Source data.
———
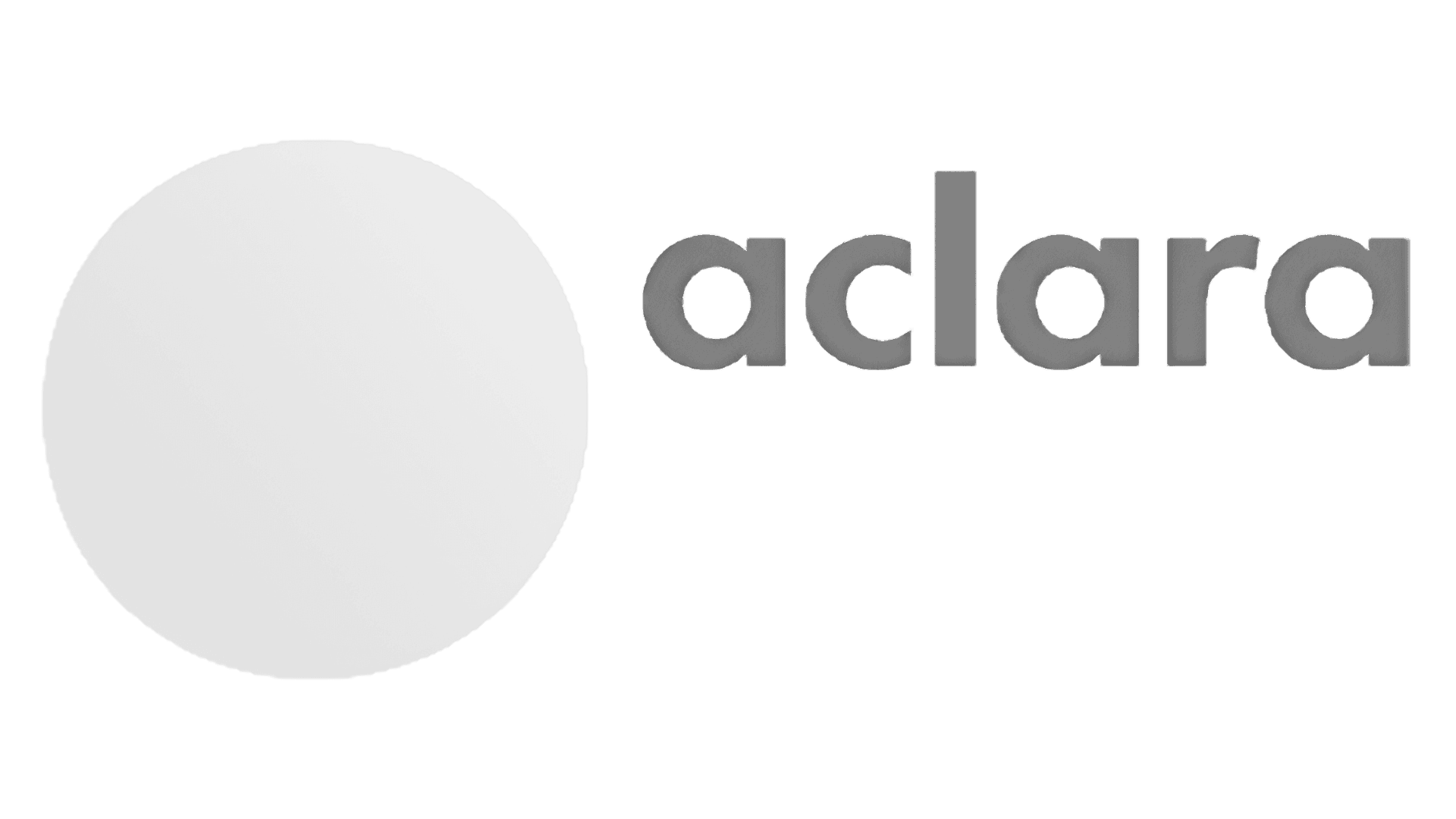 Aclara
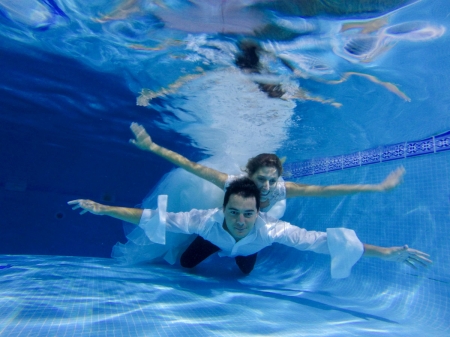 Imagem da loja: Servifoto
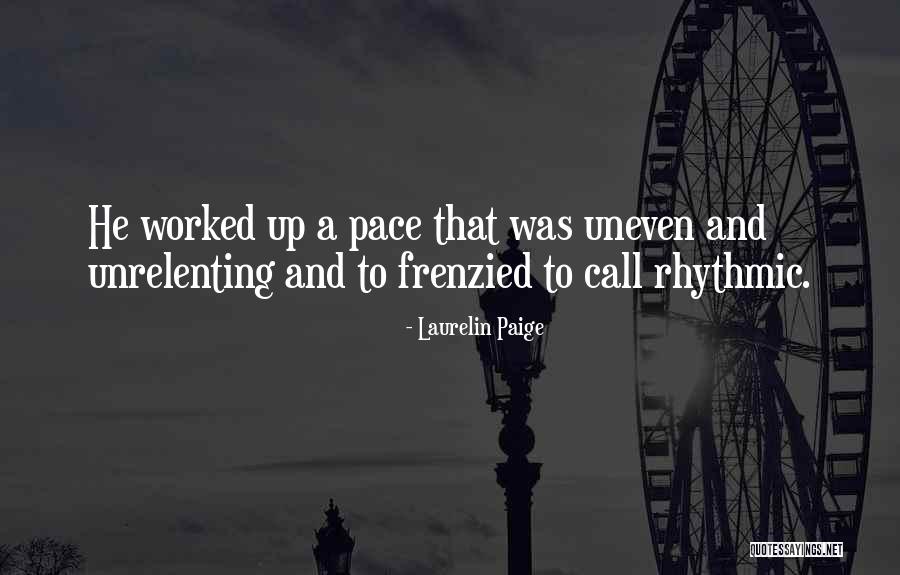 Efremova Tatiana Quotes By Laurelin Paige Efremova Tatiana Quotes By Laurelin Paige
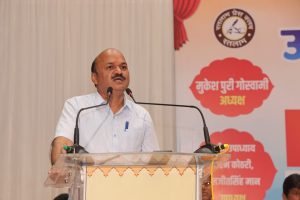 WhatsApp Image 2025 09 27 at 19.52.28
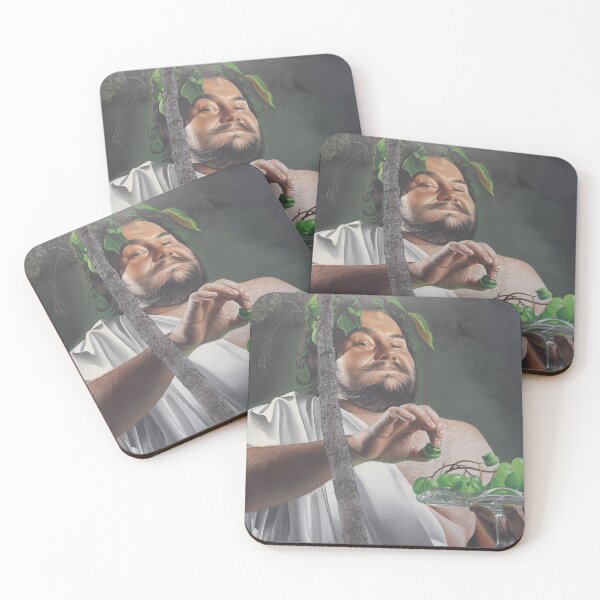 Item preview, Bol designed and sold by DonCaesar.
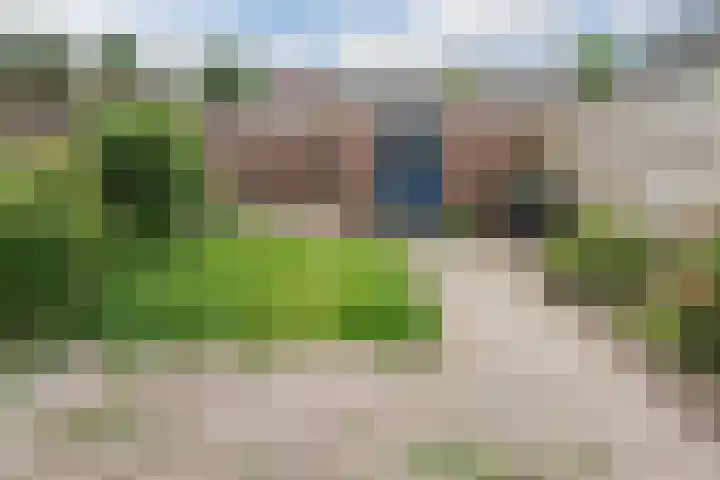 Eikenlaan 26 Zuid-Scharwoude thumbnail 25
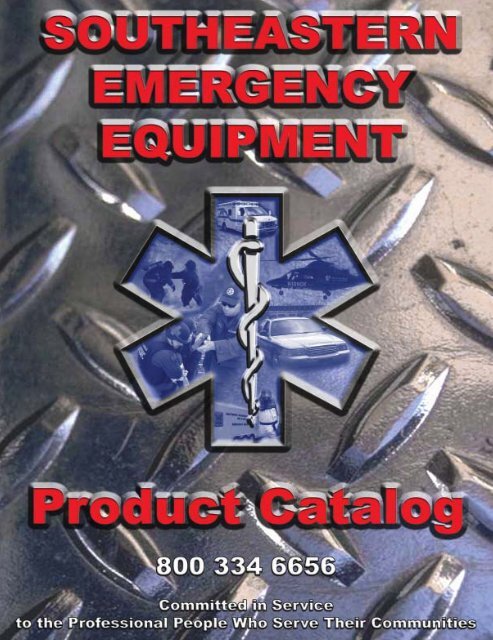 https://img.yumpu.com/49733988/1/500x640/2004-catalog-revised-2-southeastern-emergency-equipment.jpg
———
What is expected.
Transcribe nothing but the lines from the one containing "Efremova Tatiana Quotes By Laurelin Paige Efremova" through the final line of the records, exactly as written and without pictures.

Solution to this task.
 Efremova Tatiana Quotes By Laurelin Paige Efremova Tatiana Quotes By Laurelin Paige
 WhatsApp Image 2025 09 27 at 19.52.28
 Item preview, Bol designed and sold by DonCaesar.
 Eikenlaan 26 Zuid-Scharwoude thumbnail 25
 https://img.yumpu.com/49733988/1/500x640/2004-catalog-revised-2-southeastern-emergency-equipment.jpg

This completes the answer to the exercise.